Are there any departments that have recently filed for or won the FLSA ruling regarding overtime. I am a Union president and have attempted to file. Attorneys state we are on a 28 day work cycle and that prohibits us. We are 4 on and 2 off schedule. Any advice appreciated.


----------



## Ranger2 (Aug 13, 2004)

Hmmm... I find it hard to believe that this was the response back.. but then again.. in the grand old Commonwealth nothing surprises me. Since you an officer does work 40 hours in a week.. they are eligible for OT. This is under the guise of the FLSA. However, union contracts may take precendt over this because of other stips such as details pay and whatever else. The 28 day cycle is bogus and it is a mere techicality, I would pursue it.


----------



## scungie (Jun 20, 2002)

try Newton, they get it, dont know the aspects of it


----------



## Guest (Nov 23, 2004)

In order for you to figure out, you have to first define your word period, ie. 28 days, but also how many hours in that defined work period? Once you find out how many hours are in the work week, then you can figure out if any FLSA premium pay is required. However, by contract almost all officers are paid OT even though they have not worked more than 40 hours, but rather worked any shift outside their normally scheduled shift. OT hourly rate is generally a lot lower than FLSA premium pay rate, because FLSA counts all stipends, ie.
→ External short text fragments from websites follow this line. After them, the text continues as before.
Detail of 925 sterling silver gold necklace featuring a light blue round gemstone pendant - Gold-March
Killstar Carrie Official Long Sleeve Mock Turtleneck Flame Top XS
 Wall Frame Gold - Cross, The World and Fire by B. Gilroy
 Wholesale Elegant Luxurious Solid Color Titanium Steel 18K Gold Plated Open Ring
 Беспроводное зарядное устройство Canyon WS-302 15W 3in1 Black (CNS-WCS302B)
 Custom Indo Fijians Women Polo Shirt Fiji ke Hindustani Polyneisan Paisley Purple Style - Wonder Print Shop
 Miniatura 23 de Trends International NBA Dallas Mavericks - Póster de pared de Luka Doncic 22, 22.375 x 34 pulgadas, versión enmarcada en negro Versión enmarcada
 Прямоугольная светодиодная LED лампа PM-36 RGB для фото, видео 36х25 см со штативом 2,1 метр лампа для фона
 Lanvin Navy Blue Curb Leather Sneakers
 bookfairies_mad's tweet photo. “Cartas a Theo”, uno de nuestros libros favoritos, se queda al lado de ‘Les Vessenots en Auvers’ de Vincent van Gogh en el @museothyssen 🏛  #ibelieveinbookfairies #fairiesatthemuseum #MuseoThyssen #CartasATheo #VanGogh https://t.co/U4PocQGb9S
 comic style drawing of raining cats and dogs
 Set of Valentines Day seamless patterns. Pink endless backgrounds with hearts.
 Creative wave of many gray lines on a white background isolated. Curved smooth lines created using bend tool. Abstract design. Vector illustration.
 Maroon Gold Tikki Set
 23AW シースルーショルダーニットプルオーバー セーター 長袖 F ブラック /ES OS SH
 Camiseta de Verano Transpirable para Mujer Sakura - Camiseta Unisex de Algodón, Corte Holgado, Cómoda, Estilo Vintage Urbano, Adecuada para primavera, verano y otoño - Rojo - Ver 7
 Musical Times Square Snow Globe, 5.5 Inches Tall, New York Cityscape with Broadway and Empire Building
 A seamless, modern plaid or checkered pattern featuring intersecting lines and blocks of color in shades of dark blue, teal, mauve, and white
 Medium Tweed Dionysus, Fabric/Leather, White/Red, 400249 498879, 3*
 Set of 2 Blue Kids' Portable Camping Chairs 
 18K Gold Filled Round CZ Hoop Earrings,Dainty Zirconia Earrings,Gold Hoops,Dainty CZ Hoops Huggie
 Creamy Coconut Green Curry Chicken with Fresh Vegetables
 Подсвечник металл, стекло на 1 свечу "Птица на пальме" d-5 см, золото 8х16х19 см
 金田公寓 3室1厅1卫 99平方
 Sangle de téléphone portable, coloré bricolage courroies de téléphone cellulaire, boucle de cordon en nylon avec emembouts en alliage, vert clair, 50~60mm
EMT, shift diff, educational incentive, longevity, etc.

Shift coverage OT and town details count towards FLSA hourly calculations, private details DO NOT. It is important to note that all calculations are for actual hours WORKED, so vacation, sick, comp., do not count towards calculation hours in the defined work period.

The FLSA calculations are complicated but not impossible to understand, but if you are eligible for FLSA premium pay in a pay particular period, you probably will have a different FLSA pay rate from one time to the next because of contractual OT credits. For example, when you work one OT shift and even though you did not work more than 40 hours in that week because of 4 x 2 schedule, you still receive OT rate. Those hours of OT are credited towards your employer.

In other words, if your FLSA rate was $65.00/hr in one pay period and you worked enough shift OT and Town details to cross the eligibility threshold another pay period, your rate could increase or decrease based on how many actual shifts worked in that period.

This is just a very brief overview of how it is calculated, probably raises more questions than answers but worth challenging because the pay rate is significantly increased after all the incentives are added in. The law firm of Sandulli and Grace in Boston, is well versed in this area and recently won a big case for BPD. They are working on the actual dollar reward for all the officers involved in the recent lawsuit.

Posted Tue Nov 23, 17:27:

One more note on FLSA payments, you can bargain to have all OT payments reflect FLSA premium pay. I know there are a few Cities and Towns that have that provision in their contract.


----------



## Guest (Nov 25, 2004)

Thanks for responding. I know that I was told that because of our contract, we can challenge the FLSA. The 28 day cycle was inacted back in 1986, but our new contract which states we have a 40 hour work week supercedes that. No matter how I read the information, it is very confusing. I appreciate your responses in helping to clarify this.


----------



## bosco109 (Nov 27, 2004)

*FLSA*

It does not matter however many hours your contract says whether its 40hrs or 37.5 hrs. In a 28 day cycle the FLSA rate kicks in when you go over 171 hours worked. And like previously stated that includes hours worked regular time, overtime, and town details. 171 hours for police, 212 hours for fire is the threshold. You can go on the US Dept of Labor website and research it. The Dept of Labor came into my town where I work and looked into it 10 years ago and the town was in violation and retro checks were cut. Your contract cannot trump FLSA law.


----------



## Guest (Dec 14, 2004)

You are correct, your contract does not trump FLSA. However, your contract does define the work period and that it what is used in calculating whether you are entitled to FLSA premium pay in that work period. You can also bargain to have all shift OT, town details, calculated using FLSA premium pay.


----------